Wednesday, November 13, 2013

ON BECOMING THE SEMI-ITALIAN GRANDMA I'VE SAID I ALWAYS WANTED TO BE



While at the surgical supply store to rent Jim's crutches and wheelchair after he busted his fibula, I met this beautiful lady who was there to be fitted for some special shoes. 

She was adorable, impeccably groomed by her loving daughter, and eager to share some stories.

They did not hesitate for a moment when I asked permission to take their photo. It was a lovely interaction. Although to have to deal with the aftermath of a broken leg is no picnic, the opportunity to meet these very dear ladies was an unexpected pleasure. 

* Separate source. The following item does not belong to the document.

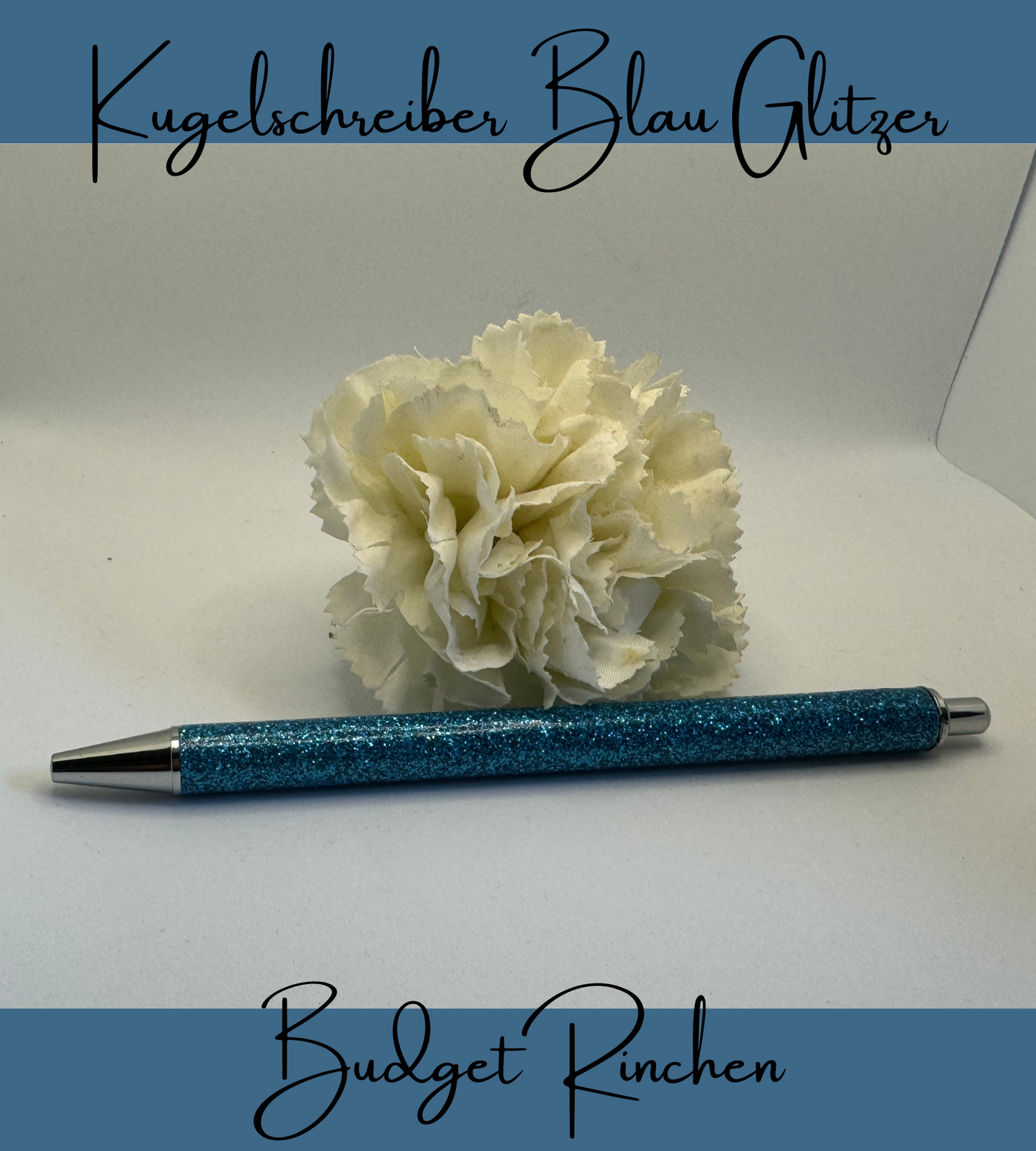 Kugelschreiber Glitzer Blau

A friend who has known me for 46 years asked a simple question:"So how does it feel to be the grandmother of such an adorable little person ?" 

He realized what I should have:that I have taken hundreds of photos of the baby, but that I hadn't said what it feels like to be able to take them.

When we first moved to Italy, I used to only half-joke that I aspired to be one of those Italian grandmas in the black stockings who cut the homemade pasta on the kitchen table one strand at a time, and who continue ruling the roost well into their nineties.

I now see that this pipe dream is going to require a few adjustments. Even at 66, I have to admit that it's been a long time since I saw any little old ladies in black stockings. The grandmas and great-grandmas I know look pretty hip. They usually have their hair done regularly (not covered by a dark babushka), and have a spring in their step. They know how to make pasta, but tend to buy it fresh at the few remaining pasta fresca places that turn out a light, wonderful product with their modern machines that cut more than one strand at a time. Often continuing their career (our closest Italian friend is still a practicing architect), they know how to work and play with the grandkids.

Further, although my own mom turns 89 this summer, nobody in my family has ever made it into her nineties. But then again, she grew up in Minnesota, not Italy, where I see many of my neighbors still in charge at ninety-plus.

I recently found the 33-year-old first photos taken of our newborn son, and as new parents, my ecstatically happy son and daughter-in-law were pleased to see them. They show how much newborn father and daughter resemble each other, and highlight for me my own bumpy journey to grandma-hood.

As I write this, I am thinking of the blessing given on special occasions to mark a rite of passage --the one that offers thanks "for permitting us to reach this hour."